Kitsch religious imagery - from Ganesha to Jesus - is big at the Ansa picture framers/art gallery (29 Kerbau Road), where glittering, embellished pictures of Indian gods hang besides digitally enhanced posters of Mahatma Gandhi and gilt-edged drawings of the Virgin Mary. Been-there-got-the-deity T-shirts are available from Sunil's Department Store (S$19, 136 Serangoon Road, opposite the Sri Veerama Kaliamman Temple, tel: 6298 8763) in a range of colours and styles.

Recharge your batteries with a calorific overload at Indian Candy's, which sells sugary mithai and ladoo, milk cakes and halwa in the Little India Arcade (48 Serangoon Road), a cluster of shophouses restored as part of Singapore's architectural heritage preservation campaign.

Stock up on Indian herbs and spices at Khan Mohd Bhoy & Sons (8 Buffalo Road), which grinds its own. Alongside the more commonplace pepper, coriander, chilli, fennel and turmeric, you'll find dosa and dokla mixtures, idly and bhaji flour, bins of dried chillis, incense and papads.
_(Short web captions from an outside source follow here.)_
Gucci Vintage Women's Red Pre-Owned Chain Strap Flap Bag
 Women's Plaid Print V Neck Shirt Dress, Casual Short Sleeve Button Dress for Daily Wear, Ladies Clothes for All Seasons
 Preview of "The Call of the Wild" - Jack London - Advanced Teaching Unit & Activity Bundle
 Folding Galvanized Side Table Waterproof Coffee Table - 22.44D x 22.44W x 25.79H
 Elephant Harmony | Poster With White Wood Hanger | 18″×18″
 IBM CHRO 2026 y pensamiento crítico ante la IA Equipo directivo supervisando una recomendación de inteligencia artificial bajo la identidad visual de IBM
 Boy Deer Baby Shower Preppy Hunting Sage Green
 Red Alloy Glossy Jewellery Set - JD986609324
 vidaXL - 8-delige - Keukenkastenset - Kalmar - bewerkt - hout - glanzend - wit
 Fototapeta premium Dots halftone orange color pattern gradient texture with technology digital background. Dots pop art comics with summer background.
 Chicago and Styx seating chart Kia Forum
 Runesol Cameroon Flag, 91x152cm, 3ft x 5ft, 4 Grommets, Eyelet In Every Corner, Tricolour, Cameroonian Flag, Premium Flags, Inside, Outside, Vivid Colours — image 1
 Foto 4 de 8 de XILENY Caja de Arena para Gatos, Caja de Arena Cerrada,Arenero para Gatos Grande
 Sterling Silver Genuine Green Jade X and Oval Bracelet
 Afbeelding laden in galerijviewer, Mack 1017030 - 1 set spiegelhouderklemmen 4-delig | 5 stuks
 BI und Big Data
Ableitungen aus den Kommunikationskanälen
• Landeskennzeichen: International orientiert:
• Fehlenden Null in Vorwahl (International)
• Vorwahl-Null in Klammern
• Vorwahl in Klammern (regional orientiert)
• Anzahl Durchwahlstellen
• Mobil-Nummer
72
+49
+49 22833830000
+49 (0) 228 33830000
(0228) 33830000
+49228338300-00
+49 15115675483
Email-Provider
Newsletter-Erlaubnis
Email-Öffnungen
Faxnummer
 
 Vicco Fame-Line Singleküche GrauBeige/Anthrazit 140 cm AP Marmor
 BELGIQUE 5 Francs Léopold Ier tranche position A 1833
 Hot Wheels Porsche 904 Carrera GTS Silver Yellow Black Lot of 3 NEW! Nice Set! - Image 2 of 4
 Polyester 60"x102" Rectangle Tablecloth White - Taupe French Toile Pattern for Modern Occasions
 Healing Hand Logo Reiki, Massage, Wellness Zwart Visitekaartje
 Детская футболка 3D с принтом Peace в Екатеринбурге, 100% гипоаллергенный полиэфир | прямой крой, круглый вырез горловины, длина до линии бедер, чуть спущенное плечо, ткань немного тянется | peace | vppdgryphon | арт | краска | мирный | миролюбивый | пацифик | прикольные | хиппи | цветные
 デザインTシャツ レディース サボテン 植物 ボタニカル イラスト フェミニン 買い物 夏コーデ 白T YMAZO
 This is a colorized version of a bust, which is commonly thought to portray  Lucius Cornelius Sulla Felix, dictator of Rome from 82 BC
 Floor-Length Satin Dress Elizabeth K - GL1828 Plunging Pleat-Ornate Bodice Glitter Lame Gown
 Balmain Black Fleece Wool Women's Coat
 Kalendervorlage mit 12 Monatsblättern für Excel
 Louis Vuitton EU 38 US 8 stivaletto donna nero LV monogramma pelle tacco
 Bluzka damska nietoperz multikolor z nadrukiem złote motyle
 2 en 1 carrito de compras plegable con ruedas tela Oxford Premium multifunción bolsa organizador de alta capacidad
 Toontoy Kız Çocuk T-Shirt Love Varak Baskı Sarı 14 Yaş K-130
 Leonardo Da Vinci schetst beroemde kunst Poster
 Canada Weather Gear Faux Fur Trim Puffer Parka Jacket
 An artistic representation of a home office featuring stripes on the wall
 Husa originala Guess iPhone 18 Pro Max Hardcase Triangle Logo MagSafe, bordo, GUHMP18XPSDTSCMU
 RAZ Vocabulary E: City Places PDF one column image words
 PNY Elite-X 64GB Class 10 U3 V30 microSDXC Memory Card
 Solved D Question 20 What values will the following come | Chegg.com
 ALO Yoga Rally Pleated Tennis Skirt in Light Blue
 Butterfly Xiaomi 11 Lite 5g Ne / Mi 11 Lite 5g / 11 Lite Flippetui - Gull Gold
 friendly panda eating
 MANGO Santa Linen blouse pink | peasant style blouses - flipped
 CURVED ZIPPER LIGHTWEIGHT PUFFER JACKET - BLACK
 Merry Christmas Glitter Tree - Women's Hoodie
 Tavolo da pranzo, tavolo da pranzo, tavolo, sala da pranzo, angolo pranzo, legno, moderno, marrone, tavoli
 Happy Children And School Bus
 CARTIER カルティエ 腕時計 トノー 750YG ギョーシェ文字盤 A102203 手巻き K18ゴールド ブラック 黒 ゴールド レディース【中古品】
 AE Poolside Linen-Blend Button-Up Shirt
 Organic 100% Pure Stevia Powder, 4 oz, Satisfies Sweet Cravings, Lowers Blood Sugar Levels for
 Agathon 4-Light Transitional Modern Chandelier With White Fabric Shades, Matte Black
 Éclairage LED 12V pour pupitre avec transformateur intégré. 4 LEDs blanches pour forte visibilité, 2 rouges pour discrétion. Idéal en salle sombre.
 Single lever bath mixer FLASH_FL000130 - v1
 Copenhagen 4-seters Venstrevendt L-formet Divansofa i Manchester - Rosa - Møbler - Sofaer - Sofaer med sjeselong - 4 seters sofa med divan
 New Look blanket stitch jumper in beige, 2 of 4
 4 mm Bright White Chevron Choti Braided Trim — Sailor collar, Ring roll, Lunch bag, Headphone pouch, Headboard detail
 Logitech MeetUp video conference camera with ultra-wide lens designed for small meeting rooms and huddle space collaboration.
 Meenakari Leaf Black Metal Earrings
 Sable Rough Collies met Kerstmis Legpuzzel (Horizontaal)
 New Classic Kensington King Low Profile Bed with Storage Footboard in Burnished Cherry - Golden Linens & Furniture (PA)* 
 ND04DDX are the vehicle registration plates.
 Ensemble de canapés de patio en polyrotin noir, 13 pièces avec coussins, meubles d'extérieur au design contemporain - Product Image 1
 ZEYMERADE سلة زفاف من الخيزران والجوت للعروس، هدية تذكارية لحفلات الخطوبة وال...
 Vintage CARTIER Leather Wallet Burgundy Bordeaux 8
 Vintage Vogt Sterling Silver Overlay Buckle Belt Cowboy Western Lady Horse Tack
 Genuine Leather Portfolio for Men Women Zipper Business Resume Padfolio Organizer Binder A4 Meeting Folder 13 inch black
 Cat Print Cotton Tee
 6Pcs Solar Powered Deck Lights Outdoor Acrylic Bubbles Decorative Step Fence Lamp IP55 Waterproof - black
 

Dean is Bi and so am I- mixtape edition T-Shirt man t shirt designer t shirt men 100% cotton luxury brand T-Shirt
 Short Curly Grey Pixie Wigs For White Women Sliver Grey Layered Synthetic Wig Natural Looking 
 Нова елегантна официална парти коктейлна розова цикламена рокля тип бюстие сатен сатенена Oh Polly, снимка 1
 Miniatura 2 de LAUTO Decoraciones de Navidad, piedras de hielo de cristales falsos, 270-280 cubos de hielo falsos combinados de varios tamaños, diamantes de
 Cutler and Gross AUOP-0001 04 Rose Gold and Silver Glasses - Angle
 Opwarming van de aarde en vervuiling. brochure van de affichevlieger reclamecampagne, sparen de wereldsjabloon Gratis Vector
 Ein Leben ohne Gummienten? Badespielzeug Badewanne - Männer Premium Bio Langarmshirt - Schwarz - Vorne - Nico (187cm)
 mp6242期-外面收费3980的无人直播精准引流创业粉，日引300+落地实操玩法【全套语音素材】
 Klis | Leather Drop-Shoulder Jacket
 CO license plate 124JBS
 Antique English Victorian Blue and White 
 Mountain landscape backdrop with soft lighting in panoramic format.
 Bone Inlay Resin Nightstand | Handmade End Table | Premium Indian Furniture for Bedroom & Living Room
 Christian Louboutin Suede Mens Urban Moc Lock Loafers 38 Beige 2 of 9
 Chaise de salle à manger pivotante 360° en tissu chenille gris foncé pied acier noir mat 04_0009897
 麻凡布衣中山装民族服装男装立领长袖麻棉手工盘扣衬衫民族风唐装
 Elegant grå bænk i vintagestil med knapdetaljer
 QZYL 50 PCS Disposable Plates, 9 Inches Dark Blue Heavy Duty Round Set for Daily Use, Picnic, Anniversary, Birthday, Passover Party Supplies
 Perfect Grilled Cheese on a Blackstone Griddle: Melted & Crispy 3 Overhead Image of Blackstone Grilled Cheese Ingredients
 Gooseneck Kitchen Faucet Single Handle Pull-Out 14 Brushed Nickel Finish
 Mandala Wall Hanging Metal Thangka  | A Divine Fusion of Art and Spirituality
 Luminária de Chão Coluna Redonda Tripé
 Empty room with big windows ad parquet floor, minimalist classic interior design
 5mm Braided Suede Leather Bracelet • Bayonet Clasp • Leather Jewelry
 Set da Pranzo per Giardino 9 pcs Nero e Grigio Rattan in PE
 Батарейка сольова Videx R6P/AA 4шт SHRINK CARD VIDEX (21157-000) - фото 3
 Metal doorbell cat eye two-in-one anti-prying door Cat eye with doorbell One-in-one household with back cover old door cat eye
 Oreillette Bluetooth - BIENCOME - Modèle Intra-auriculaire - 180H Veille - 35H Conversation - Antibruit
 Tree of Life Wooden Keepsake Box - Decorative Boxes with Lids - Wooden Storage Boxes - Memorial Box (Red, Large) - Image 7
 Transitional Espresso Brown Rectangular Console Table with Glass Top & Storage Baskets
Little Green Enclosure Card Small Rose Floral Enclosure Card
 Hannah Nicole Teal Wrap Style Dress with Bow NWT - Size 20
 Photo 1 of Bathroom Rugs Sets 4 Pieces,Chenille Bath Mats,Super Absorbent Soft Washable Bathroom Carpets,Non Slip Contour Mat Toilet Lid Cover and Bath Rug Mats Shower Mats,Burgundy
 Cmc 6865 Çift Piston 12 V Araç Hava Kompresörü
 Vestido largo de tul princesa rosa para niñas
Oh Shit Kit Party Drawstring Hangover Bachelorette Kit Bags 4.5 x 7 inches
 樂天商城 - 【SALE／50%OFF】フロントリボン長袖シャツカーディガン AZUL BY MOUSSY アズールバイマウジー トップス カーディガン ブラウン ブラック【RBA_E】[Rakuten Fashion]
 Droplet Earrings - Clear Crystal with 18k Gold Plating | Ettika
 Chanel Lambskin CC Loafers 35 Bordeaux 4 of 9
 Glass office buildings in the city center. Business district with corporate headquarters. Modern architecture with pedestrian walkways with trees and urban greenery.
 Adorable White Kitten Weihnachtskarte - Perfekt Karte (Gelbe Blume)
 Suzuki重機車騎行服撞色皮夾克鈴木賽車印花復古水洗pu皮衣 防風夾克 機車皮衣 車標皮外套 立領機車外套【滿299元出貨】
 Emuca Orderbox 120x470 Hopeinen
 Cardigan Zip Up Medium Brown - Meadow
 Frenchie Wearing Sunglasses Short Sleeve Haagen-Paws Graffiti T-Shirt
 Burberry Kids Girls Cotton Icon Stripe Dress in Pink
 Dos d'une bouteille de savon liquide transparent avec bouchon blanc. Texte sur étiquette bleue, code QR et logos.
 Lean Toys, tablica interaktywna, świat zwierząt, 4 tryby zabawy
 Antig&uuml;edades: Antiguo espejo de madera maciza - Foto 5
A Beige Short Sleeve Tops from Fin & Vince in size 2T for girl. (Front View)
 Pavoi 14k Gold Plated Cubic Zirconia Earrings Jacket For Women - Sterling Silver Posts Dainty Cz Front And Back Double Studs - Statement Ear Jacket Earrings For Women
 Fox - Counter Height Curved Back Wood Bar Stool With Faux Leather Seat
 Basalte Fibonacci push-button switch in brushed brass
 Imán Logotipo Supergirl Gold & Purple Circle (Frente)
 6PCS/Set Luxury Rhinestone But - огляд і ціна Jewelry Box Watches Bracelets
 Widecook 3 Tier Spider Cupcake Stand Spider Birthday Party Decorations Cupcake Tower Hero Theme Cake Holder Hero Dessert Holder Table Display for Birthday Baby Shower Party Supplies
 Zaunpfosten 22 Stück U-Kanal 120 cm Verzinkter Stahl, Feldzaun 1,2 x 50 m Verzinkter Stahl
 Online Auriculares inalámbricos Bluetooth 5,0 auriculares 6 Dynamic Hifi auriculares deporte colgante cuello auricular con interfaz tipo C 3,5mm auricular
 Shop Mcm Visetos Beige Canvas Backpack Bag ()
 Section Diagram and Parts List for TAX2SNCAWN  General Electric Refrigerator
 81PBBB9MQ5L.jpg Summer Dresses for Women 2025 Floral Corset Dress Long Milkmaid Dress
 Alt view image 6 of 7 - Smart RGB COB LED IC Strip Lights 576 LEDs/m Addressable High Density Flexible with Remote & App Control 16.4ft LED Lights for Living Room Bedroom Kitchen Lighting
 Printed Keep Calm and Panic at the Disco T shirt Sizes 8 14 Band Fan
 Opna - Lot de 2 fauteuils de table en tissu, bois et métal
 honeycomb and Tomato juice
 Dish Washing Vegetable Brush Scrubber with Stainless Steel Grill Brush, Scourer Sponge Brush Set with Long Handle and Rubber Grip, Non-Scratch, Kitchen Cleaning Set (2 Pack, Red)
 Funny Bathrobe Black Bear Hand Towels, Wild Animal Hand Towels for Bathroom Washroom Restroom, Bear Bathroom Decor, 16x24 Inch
And if the thought of all that rich food makes your belly ache, there's a store for that too. Ayurvedic herbs (orital thamari, thulasi, neem leaves, nellikai and vendaya powders) are dispensed along with advice for ailments from gas to headaches at Orchid Pharmacare on Kerbau Road.

For all that and more, there's the Little India institution Mustafa's (formally called Mohamed Mustafa & Samsuddin Co; corner of Serangoon and Syed Alwi roads). It is living, heaving proof that modern merchandising and customer-service theories need not come between consumers and their dollars. The 24-hour, multi-floor department store, which has its own money-changers, stocks door bells, almonds, running shoes, toothpaste, watches, saris, digital cameras and all things in between - and sells it all without a hint of a smile.